-----Original Message----- From: Quanah Gibson-Mount quanah@fast-mail.org Sent: Monday, July 1, 2024 5:54 PM To: Windl, Ulrich u.windl@ukr.de; openldap-technical <openldap- technical@openldap.org> Subject: [EXT] RE: RE: RE: Re: FW: Accessing ppolicy attributes as non-admin in 2.4
--On Monday, July 1, 2024 9:07 AM +0000 "Windl, Ulrich" u.windl@ukr.de wrote:
https://wiki.zimbra.com/wiki/OpenLDAP_MDB_vs_HDB_performance
[Windl, Ulrich]
But even that page only mentions the size of the acessslog, not the size of the databases after the changes. And I'm unsure whether "replication speed", specifically when done over a network, says much about (local) database performance.
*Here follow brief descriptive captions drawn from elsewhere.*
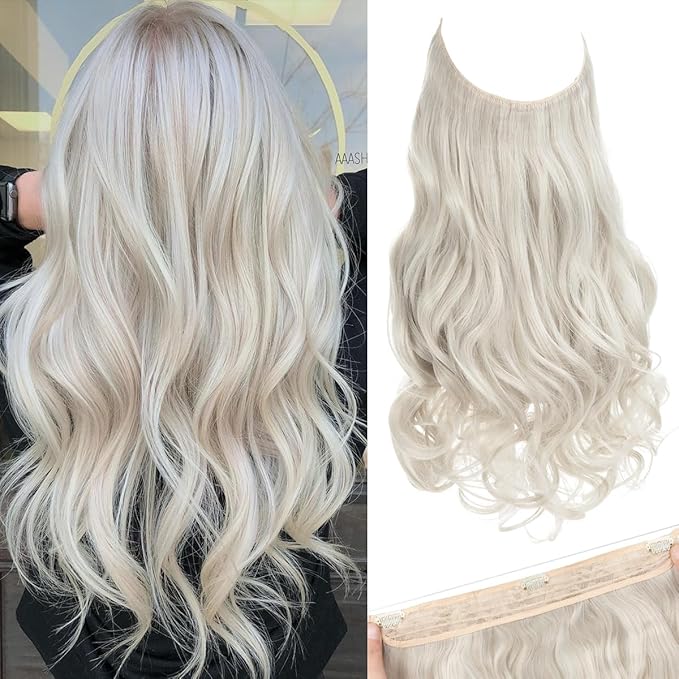 SARLA Invisible Wire Hair ExtensionsLong Wavy Curly Synthetic Hairpiece f with 3 Clips or Women Adjustable Transparent Headband 18 Inch Ice Blonde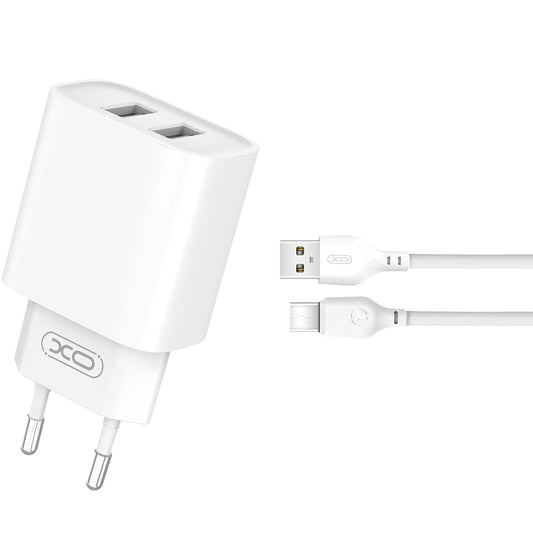 XO Design XO Design BPCE02C Carregador de rede com cabo USB-C, 10,5 W, 2,1 A, 2 x USB-A, branco 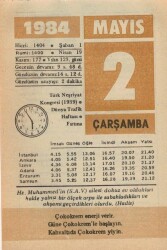 2 Mayıs 1984 Takvim Yaprağı EFM(N)6211 - Gökçekoleksiyon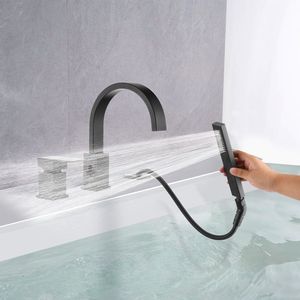 Set rubinetto vasca idromassaggio a 3 fori con doccetta e soffione a cascata, montaggio su piano, per bagno e doccia - Product Image 5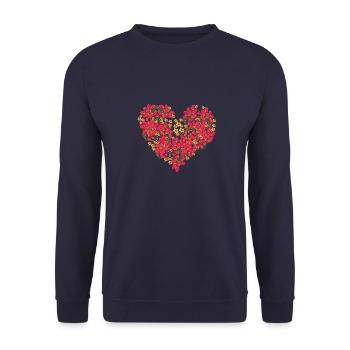 herz,erdbeerherz,erdbeeren,retro,vintage,rot - Unisex Pullover - Navy - Vorne - Alina (178cm) & Michal (187cm)
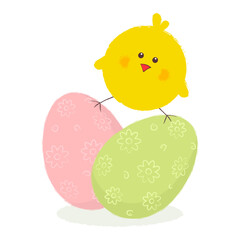 Cute yellow chicken with Easter eggs on white background
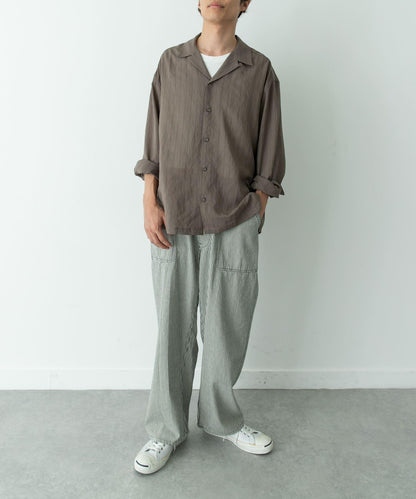 人造絲混紡條紋開領襯衫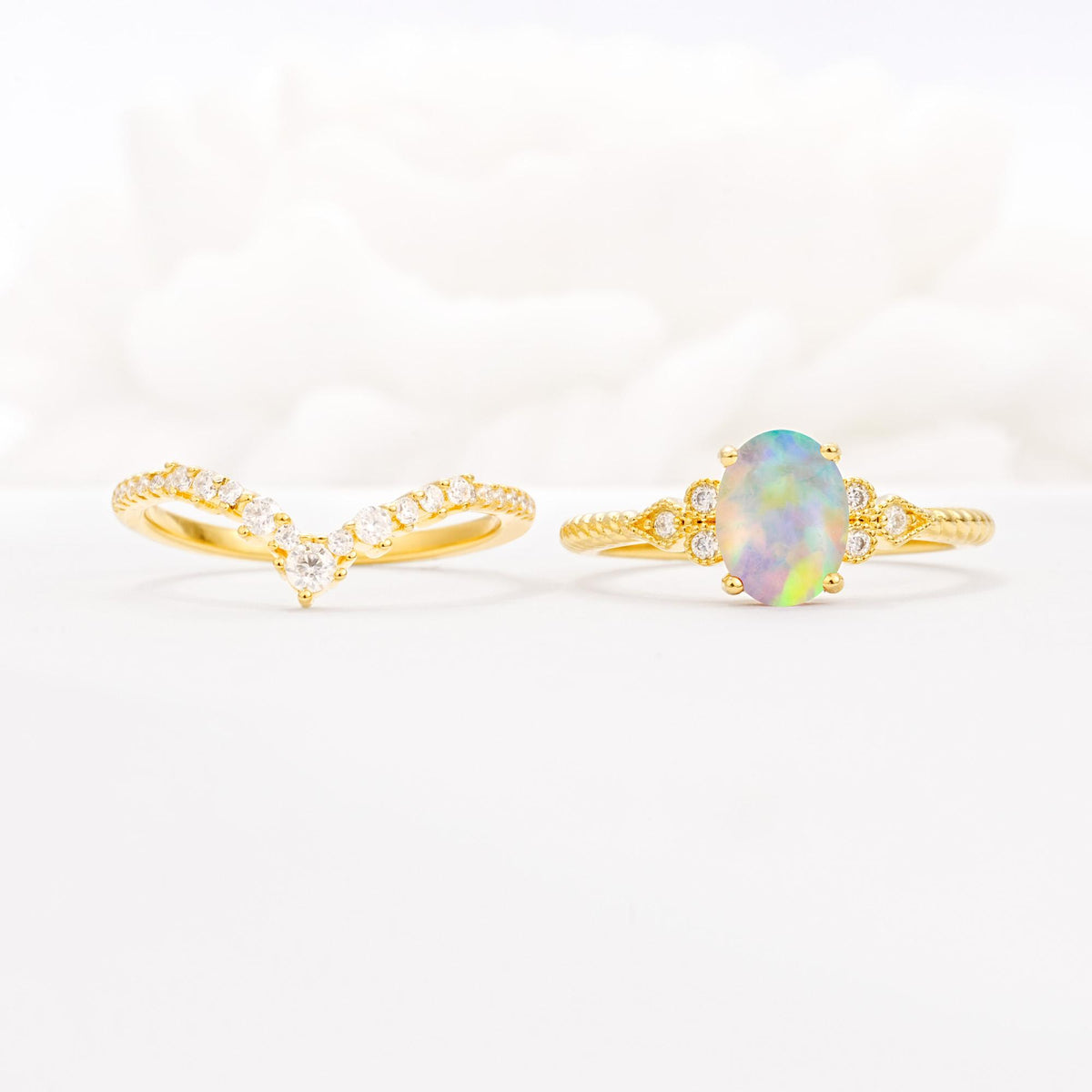 Oval Cut Fire Opal Vintage Engagement Ring Set with Chevron Band - White-Gold
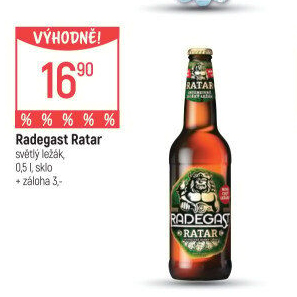 Pivo světlý ležák Ratar Radegast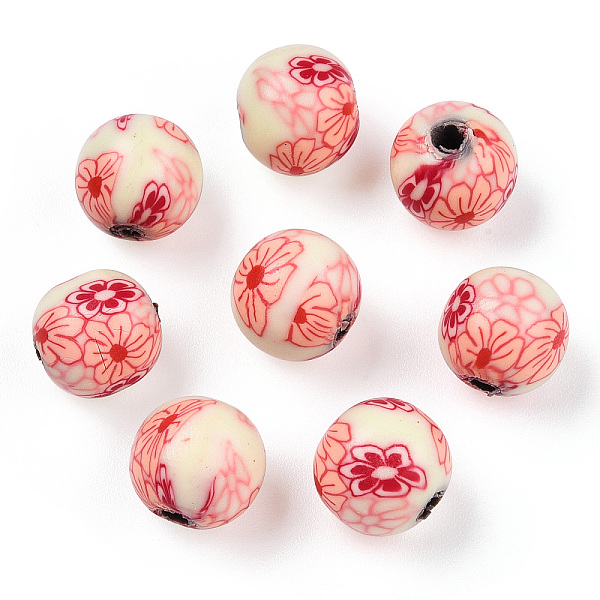 

PandaHall Handmade Polymer Clay Beads, Round with Flower Pattern, Beige, 10mm, Hole: 1.5~2mm Polymer Clay Flower Yellow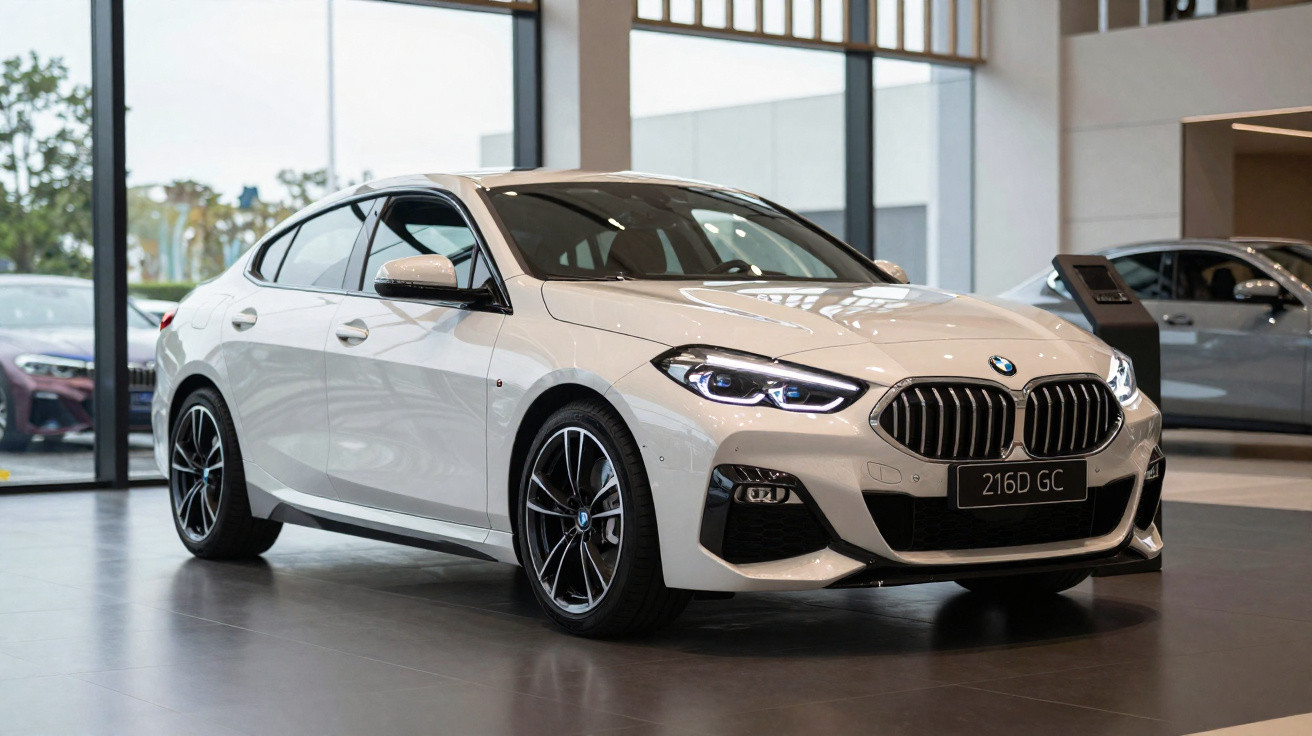 Voiture BMW blanche neuve exposée en intérieur avec phares allumés et jantes noires.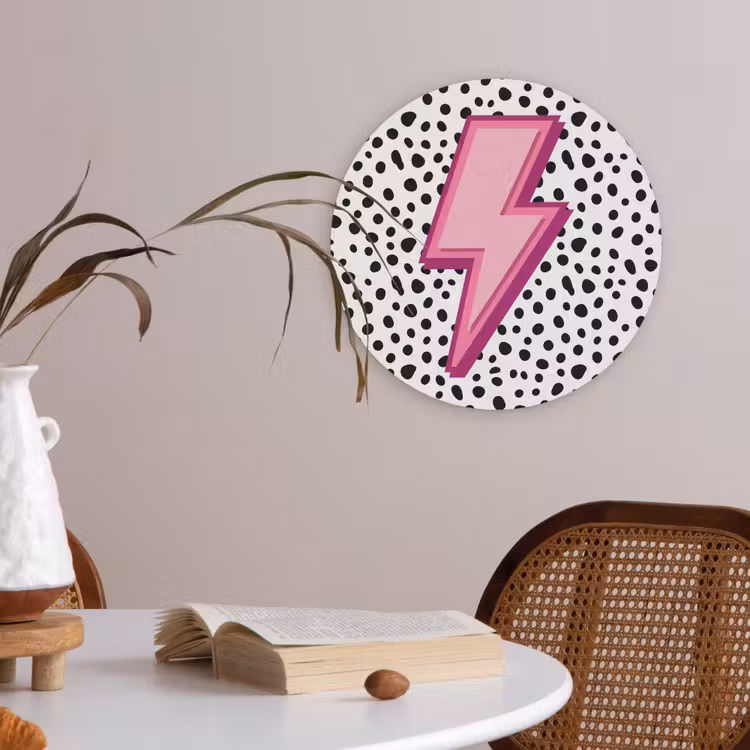 Bliksem - Roze - Stippen Akoestische PET Vilt - Rond klein -sfeer3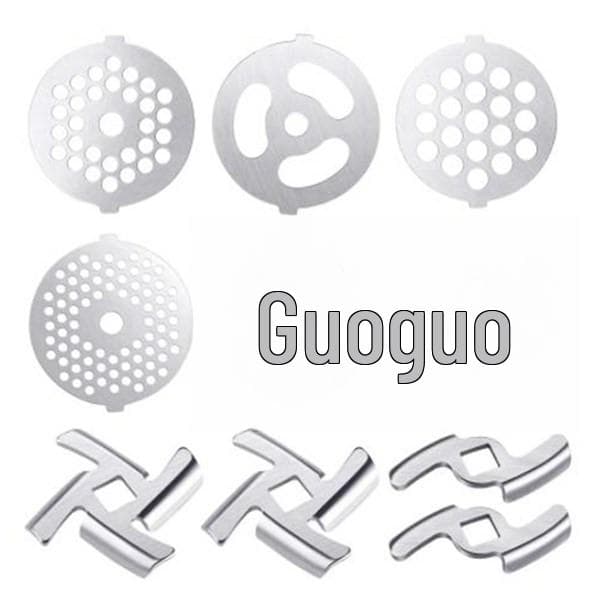 Stainless Steel Meat Grinder Accessories: Knife, Blade, Hole Plate, Sausage Stuffer, and Grinder Rod. Stainless Steel 420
The main db didn't change size. Thus no reason to list it.
[Windl, Ulrich]
OK, that could mean two things: 1) the attribute changes hat the same size, and changes were done "in place", overwriting the data 2) the attributes were written in a new place, but there was enough "slack space" avoiding the database to grow.
For case 1 that would mean "the database never grows" if the attributes changed are the same size as before, while For case 2 it means that either (2a) new values are written at some free space where old attributes once were (recycling free space), or (2b) the database has to grow at some point, allocating new "slack space" (what will become of "unsused old space" then?)
Of course I know that you (Quanah) know very well what happens, but the other users (like me) might not know (exactly) what will happen, so I'd think some explanation would not be bad to see.
I'm not sure what you mean about replication speed. The point about the accesslog is in that scenario, both the main DB AND the accesslog DB on the providers are taking write operations, which impacts write performance on those nodes.
In any case, your belief about hdb is incorrect. It takes significantly more resources across the board than mdb.
[Windl, Ulrich]
So you measured the speed of the local accesslog database, and NOT the remote database (and the local accesslog writing will never be blocked by remote replication)?
Maybe add a few more words to make it easier to understand what actually had been measured.